Logistics after Brexit – Sending packages to the UE from the UK after Brexit
Logistics after Brexit
Even though Brexit was rescheduled a few times, it caused a lot of issues for entrepreneurs. Even now, a year and a half since the UK left the EU, it is unclear how to send packages to and from the UK. We have been preparing our customers for this for even more than a year. Yet, for a while, their sales dropped significantly.
But fortunately, we found some solutions to this issue. It took a few months, but we managed to increase our partners’ sales even above the starting point.
Common problems with logistics after Brexit
We realise, however, that there are still a lot of businesses that struggle with this topic. What’s worse, even logistic providers did not fully solve this issue. It comes as no surprise that many sellers just gave up sending their products to and from the UK.
There are, however, some solutions you can implement, so they will help you get back on track. Initially, it may seem scary, but once you fix it, you can fulfil all European orders. All the below steps must still be consulted with your accountants.
The list of logistics after Brexit is based on our experience. It may be different for your business, and you should always adjust the given solutions to your company.
Okay, let’s get started.
1. It’s all export now
The first thing you should change is your mindset. Even though the UK is still in the same place, you should not treat it as you did previously anymore. From the 1st January 2021, all parcels sent between the UK and the EU are treated as export packages.

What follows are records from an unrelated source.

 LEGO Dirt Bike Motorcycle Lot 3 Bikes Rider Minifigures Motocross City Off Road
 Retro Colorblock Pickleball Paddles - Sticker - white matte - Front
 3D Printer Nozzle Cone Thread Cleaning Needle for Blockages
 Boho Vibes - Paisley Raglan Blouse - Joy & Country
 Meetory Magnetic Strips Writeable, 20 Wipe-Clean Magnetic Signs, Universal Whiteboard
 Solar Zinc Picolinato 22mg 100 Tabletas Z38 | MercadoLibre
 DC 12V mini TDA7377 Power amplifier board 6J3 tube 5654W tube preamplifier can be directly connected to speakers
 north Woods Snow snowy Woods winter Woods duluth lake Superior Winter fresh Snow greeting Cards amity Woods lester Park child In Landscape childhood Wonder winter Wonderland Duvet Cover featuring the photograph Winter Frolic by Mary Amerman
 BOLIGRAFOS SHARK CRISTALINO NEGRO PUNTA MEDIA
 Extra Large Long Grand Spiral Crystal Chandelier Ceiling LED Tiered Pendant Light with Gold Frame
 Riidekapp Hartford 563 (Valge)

This situation requires a few adjustments not only to your software and customs but also to your packages and provided information.
2. Customs clearance
Since the beginning of the previous year, all packages need to be checked by the customs office. It causes giant queues and significant delays. We have witnessed this and, believe me, it took a lot of time to fulfil orders.
This requirement means some additional paperwork. These days, you have to attach a commercial invoice, and this item needs to be subjected to other fees and duties. You should also pay attention to a detailed description of the sent item. The customs declaration needs to state clearly what is inside the box and what is the value of the given product.
On top of that, you need to provide an 8-digit HS code assigned to the appropriate tariff.
3. Customs duties and VAT
You should be prepared that your customers will have to pay some additional duties. They can apply, and the customs office requires the recipient’s contact information. In this way, your customer can be easily contacted and provide all the additional details.
Let’s dive into some more details about the difference between the two given costs. Customs duties are calculated based on a few factors. Price, the product origin and the type of good, just to name a few. In this case, once the products are fully produced in the EU, customs duties may not apply at all.
VAT tax, on the other hand, is calculated based on the item value. The amount of this tax is assigned to the national policy of the country of the recipient. Usually, in the EU, it is around 20%.
4. Selling on marketplaces
Even though it was a bit hard at first, various marketplaces provide help to their sellers. Thanks to some additional features, you can now inform your customers what the process of placing and receiving goods looks like. Also, they help you estimate fees that apply to the given product.
As you can see, this process is still not fully described, and, as mentioned above, even some logistics companies are still struggling with this procedure. We hope you found our short list helpful. In our case, focusing on these few issues was the key objective. And after all, we managed to send packages across the EU.